5軸加工機によるアンダーカット形状の実現方法
5軸加工機は、アンダーカット形状の加工において非常に強力なソリューションを提供します。従来の3軸加工では届かない領域にもアクセス可能になるため、複雑なアンダーカット形状を1回のセットアップで効率的に加工できます。
5軸加工機の基本メカニズム:
5軸加工機では、従来のX、Y、Z軸に加えて、A軸(X軸周りの回転)とB軸(Y軸周りの回転)またはC軸(Z軸周りの回転)を持っています。これにより、工具を様々な角度から部品に当てることが可能になり、アンダーカット領域へのアクセスが格段に向上します。
5軸加工によるアンダーカット加工の利点:
- 単一セットアップでの完全加工:部品の取り付け直しが不要で、位置決め誤差を減少
- 工具干渉の回避:工具ホルダーと部品の干渉を避けながら複雑な形状を加工可能
- 最適な切削条件の維持:工具を常に最適な角度に保つことで切削効率向上
- 複雑な3D形状の加工:自由曲面や複雑なポケット形状も正確に加工可能
5軸加工のプログラミング手法:
5軸加工機を活用するためには、高度なCAM(Computer-Aided Manufacturing)ソフトウェアが必要です。アンダーカット形状に対して以下のようなプログラミング手法が効果的です。
- 3+2軸加工(ポジショナル5軸)。
- 工具の方向を固定して3軸加工を行う手法
- 複数の角度設定を組み合わせてアンダーカットにアクセス
- 比較的プログラミングが容易で、多くのアンダーカット形状に対応可能
- 連続5軸加工。
- 加工中に5軸全てが同時に動作
- 最も複雑なアンダーカット形状にも対応可能
- 高度なプログラミングスキルが必要
- 衝突回避技術。
- 工具とワークピース、機械構成要素間の干渉を自動検出
- 特にアンダーカット領域での加工で重要
- シミュレーションで事前に問題を確認可能
ツールパス最適化のポイント:
- アプローチ角度の最適化:工具がアンダーカット部に対して最適な角度でアプローチするよう設定
- 切削負荷の均一化:工具の全体的な寿命を延ばし、加工精度を向上
- 工具長選択:必要最小限の工具長を選択し、剛性を確保
- スムーズな工具経路:急激な方向転換を避け、表面品質を向上
5軸加工機を効果的に活用するには、機械のキネマティクス(運動学)を理解し、ポストプロセッサを適切に設定することも重要です。また、5軸加工専用の工具ホルダーや剛性の高いツーリングシステムを使用することで、加工精度をさらに向上させることができます。

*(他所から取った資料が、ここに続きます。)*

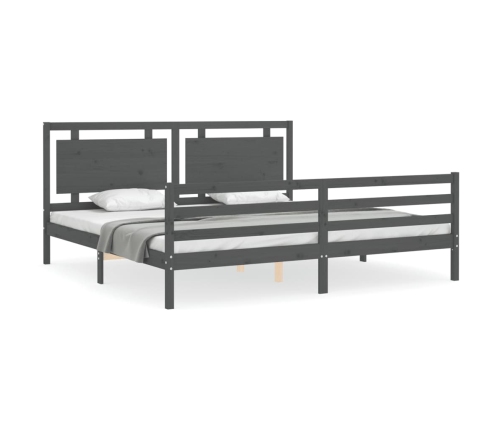 Estructura de cama con cabecero madera maciza gris 200x200 cm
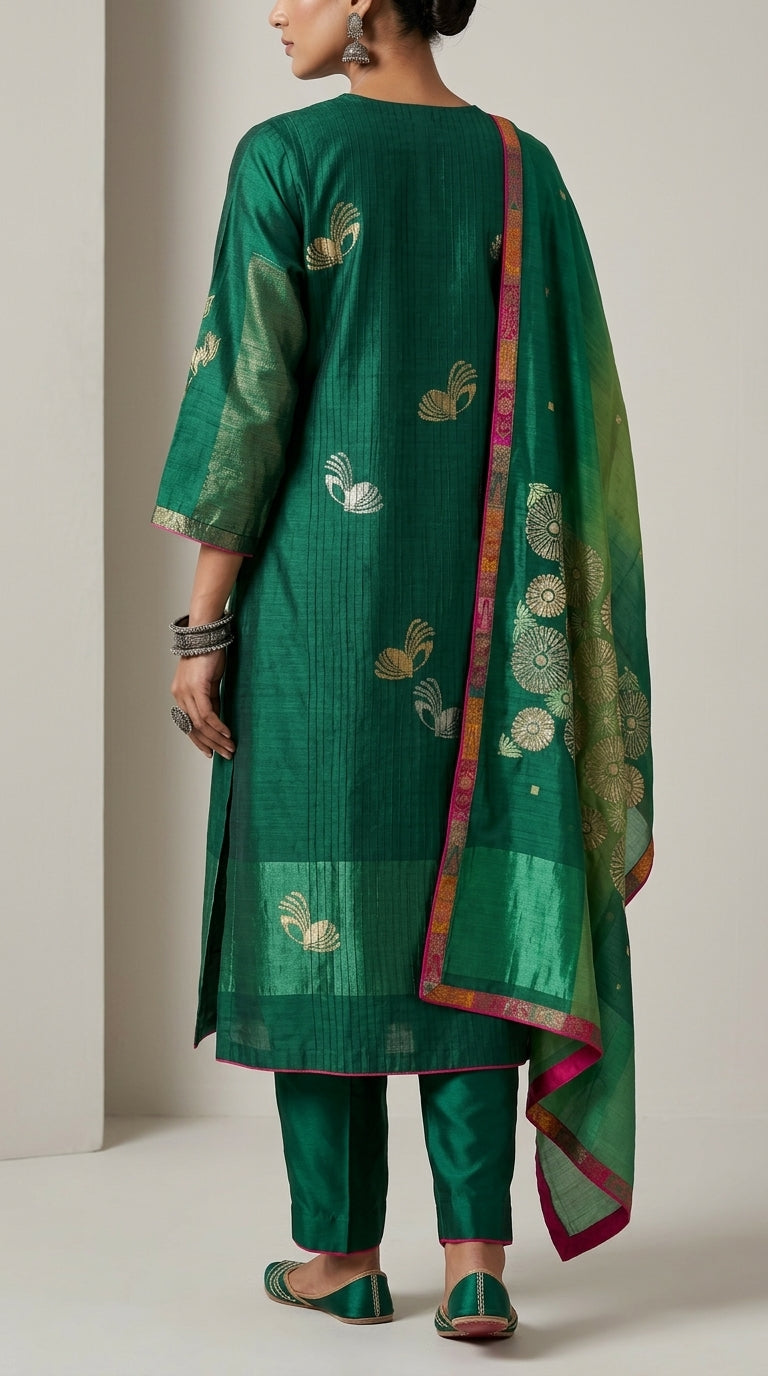 Semi Stitched Formal chanderi Suitset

5軸加工はコスト面では投資が必要ですが、アンダーカット形状を含む複雑な部品の加工時間短縮や品質向上により、長期的にはコスト削減につながる場合も多いです。
アンダーカット設計のための最適化と問題解決法
アンダーカットは加工が難しいため、設計段階から考慮することが重要です。ここでは、アンダーカット形状の設計最適化と問題解決法について解説します。
設計段階での対策:
- 可能な限りアンダーカットを排除する。
- 設計の複雑さと製造コストを削減できる
- 同じ機能を別の設計方法で実現できないか検討
- 標準工具での加工を優先的に考える
- アンダーカットの深さを最小限に抑える。
- 深すぎるアンダーカットは工具の安定性を損なう
- 一般的な目安として、アンダーカットの深さは工具径の5倍以下に抑える
- 浅いアンダーカットほど加工精度が向上し、工具寿命も延びる
- アクセス空間の確保。
- アンダーカット形状の近くに工具アクセス用の空間を設ける
- アンダーカット深さの4倍の主な幅を維持することで、工具の十分なクリアランスを確保
アンダーカットを含む設計の代替案:
以下は、アンダーカットを避けつつ、同様の機能を実現するための代替設計アプローチです。
- 部品分割アプローチ。
- 複雑なアンダーカット形状を持つ部品を複数のパーツに分割
- それぞれを個別に加工し、後で組み立てる
- ボルト締結や溶接による結合が可能
- 貫通形状への変更。
- 止まり穴の代わりに貫通穴を使用
- 外側からエンドミルで削ることが可能になる
- 必要に応じて蓋やプラグで閉じることも可能
- 円弧状形状への変更。
- 直角コーナーを持つポケットを円弧状に変更
- サイドカッターなどの標準工具で加工可能になる
- 機能性を損なわない範囲での形状修正が有効
- アクセス穴の追加。
- アンダーカット形状を加工する際に邪魔になる壁に、工具を通すための穴を設ける
- エンドミルを通す穴は、ポケット形状よりも一回り大きくすると良い
- L/D比(長さと直径の比)に注意し、適切な隅アールを設計
避けられないアンダーカットへの対応策:
やむを得ずアンダーカットを設計に含める場合の対処法。
- 放電加工(EDM)の活用。
- 複雑なアンダーカット形状に対して有効
- 電極を使って材料を除去するため、機械的なアクセス制限がない
- ただし、電極製作と放電加工の2工程が必要でコストがかさむ
- 特殊工具の活用。
- スロットカッター、ロリポップカッター、T溝カッターなど
- アンダーカットの形状に応じた適切な工具選択が重要
- 既存工具の在庫確認や調達リードタイムを考慮
- 多軸加工の活用。
- 4軸または5軸加工機を使用して複雑なアンダーカットに対応
- 単一セットアップで複数方向からのアクセスが可能
- プログラミングと設備の投資が必要
- 3Dプリンティングの検討。
- 複雑なアンダーカット形状を一体成形できる
- 試作や少量生産に適している
- 材料選択肢や精度に制限があることを考慮
アンダーカット形状の設計では、製造方法と設計意図のバランスを取ることが重要です。加工のしやすさと製品機能のトレードオフを常に意識し、最適な解決策を見つけることが、コスト効率と品質向上につながります。